== WHAT YOU HAVE TO DO ==
Each line of the data below between the one containing "Le bébé panda" and the one containing "UPDATE: Puppy mill", both included, is to be repeated exactly. Please omit pictures.

(Image-text web data)
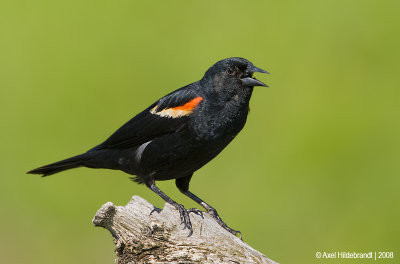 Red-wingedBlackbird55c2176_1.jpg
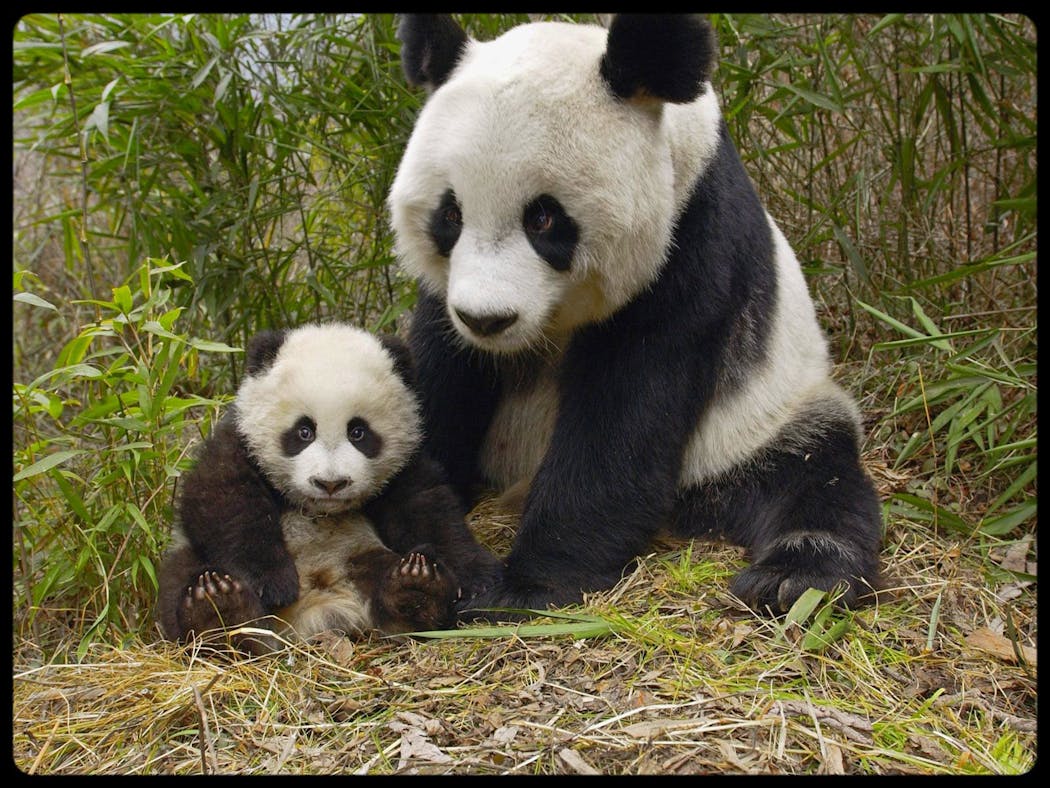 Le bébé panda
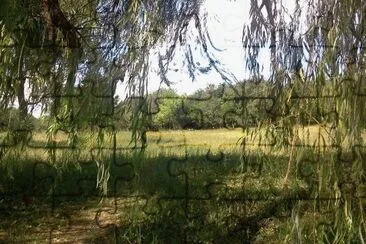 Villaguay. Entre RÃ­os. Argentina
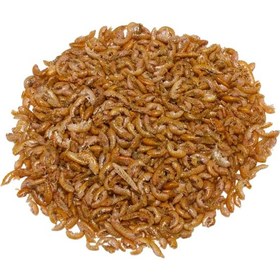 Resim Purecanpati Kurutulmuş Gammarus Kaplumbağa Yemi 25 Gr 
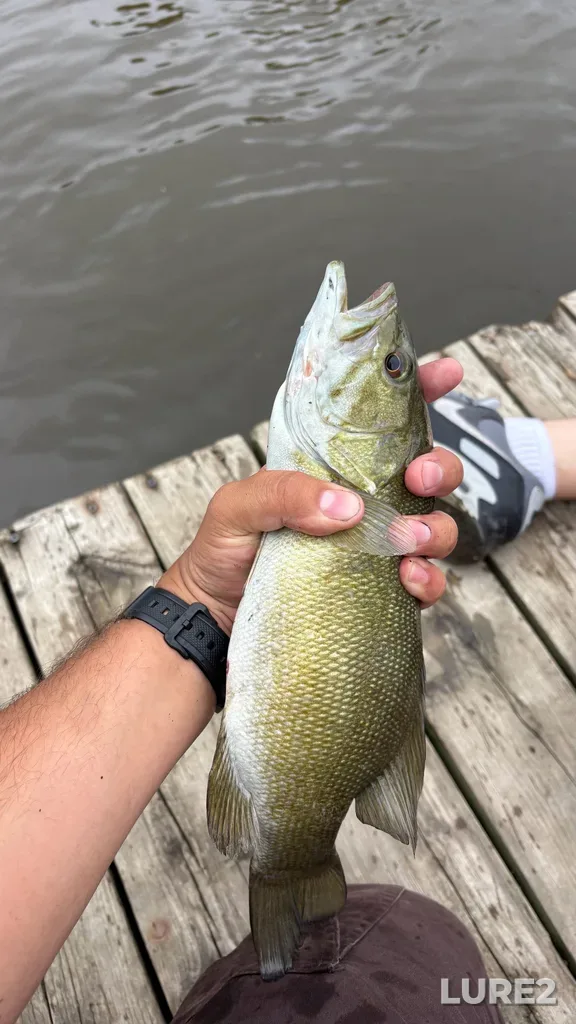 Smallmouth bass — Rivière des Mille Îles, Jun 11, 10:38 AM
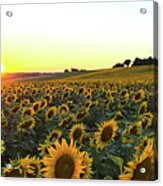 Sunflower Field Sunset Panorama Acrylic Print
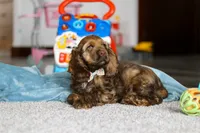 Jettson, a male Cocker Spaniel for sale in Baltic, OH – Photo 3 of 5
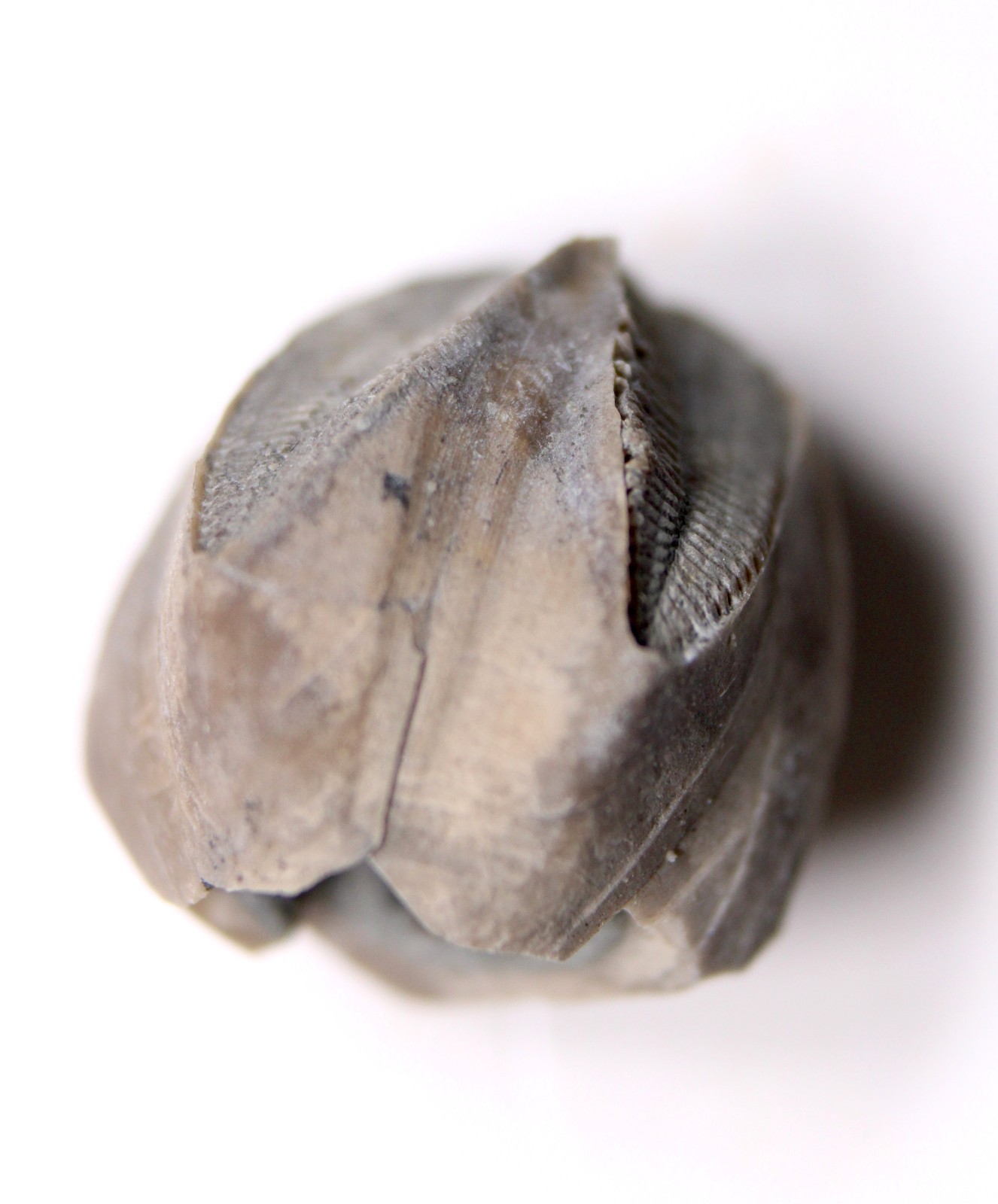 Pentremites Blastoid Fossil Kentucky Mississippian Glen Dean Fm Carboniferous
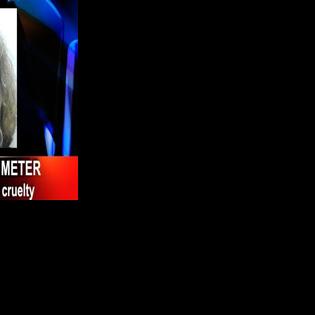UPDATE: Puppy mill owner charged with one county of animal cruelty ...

...

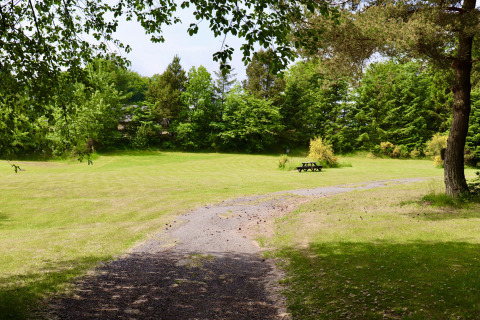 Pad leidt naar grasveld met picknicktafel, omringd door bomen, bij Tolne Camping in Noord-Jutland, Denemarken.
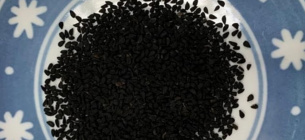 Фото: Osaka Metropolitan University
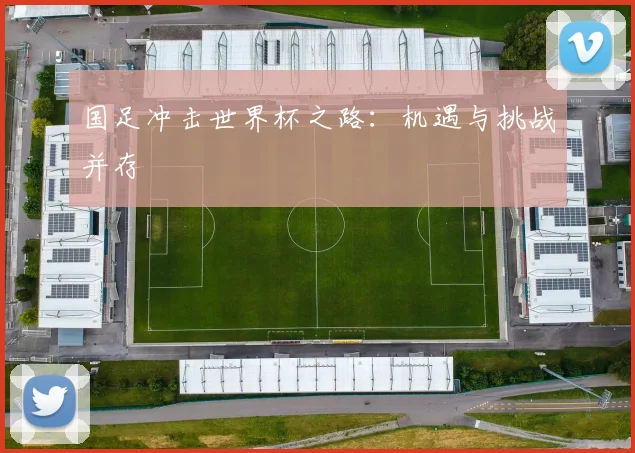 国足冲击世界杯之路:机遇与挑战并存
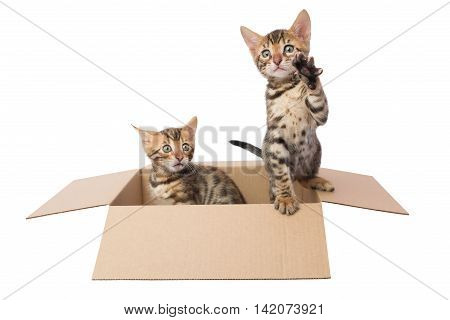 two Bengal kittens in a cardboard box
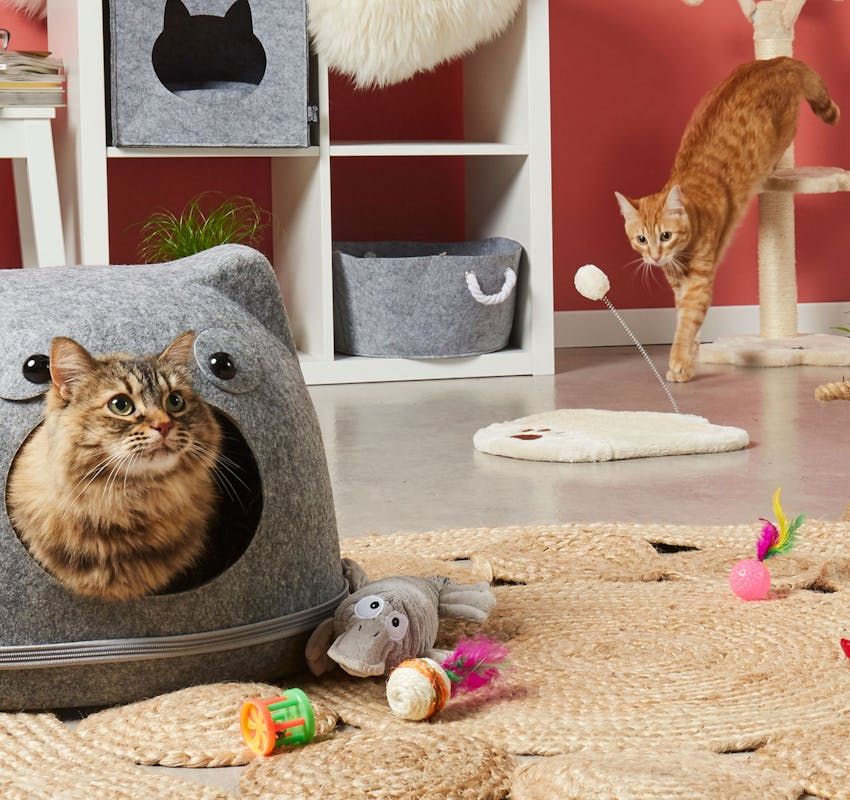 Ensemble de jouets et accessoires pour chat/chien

== YOUR RESPONSE ==
 Le bébé panda
 Villaguay. Entre RÃ­os. Argentina
 Resim Purecanpati Kurutulmuş Gammarus Kaplumbağa Yemi 25 Gr 
 Smallmouth bass — Rivière des Mille Îles, Jun 11, 10:38 AM
 Sunflower Field Sunset Panorama Acrylic Print
 Jettson, a male Cocker Spaniel for sale in Baltic, OH – Photo 3 of 5
 Pentremites Blastoid Fossil Kentucky Mississippian Glen Dean Fm Carboniferous
UPDATE: Puppy mill owner charged with one county of animal cruelty ...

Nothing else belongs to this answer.